# Aim of the exercise
Count each line below that has the word "with" in it, and give only the total.

# Supplied records
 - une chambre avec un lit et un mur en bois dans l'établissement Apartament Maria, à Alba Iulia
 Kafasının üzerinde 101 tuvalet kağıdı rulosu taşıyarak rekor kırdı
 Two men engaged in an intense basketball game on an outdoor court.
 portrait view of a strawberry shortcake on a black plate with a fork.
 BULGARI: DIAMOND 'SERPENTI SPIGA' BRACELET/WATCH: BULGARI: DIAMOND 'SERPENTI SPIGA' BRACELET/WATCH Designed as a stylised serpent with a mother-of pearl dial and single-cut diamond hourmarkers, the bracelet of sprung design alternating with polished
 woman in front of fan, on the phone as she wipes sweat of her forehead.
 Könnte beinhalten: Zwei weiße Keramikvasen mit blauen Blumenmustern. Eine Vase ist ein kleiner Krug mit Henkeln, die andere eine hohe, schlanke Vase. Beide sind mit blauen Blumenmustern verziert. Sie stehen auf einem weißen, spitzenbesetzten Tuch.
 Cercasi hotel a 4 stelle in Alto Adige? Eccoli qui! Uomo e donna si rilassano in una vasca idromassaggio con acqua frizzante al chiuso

==

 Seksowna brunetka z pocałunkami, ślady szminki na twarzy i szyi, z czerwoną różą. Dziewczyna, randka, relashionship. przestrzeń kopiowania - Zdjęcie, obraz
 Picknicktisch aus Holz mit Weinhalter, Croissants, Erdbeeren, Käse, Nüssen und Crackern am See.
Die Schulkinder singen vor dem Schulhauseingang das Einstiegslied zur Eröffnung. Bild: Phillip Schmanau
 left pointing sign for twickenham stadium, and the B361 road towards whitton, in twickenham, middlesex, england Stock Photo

# Answer box
2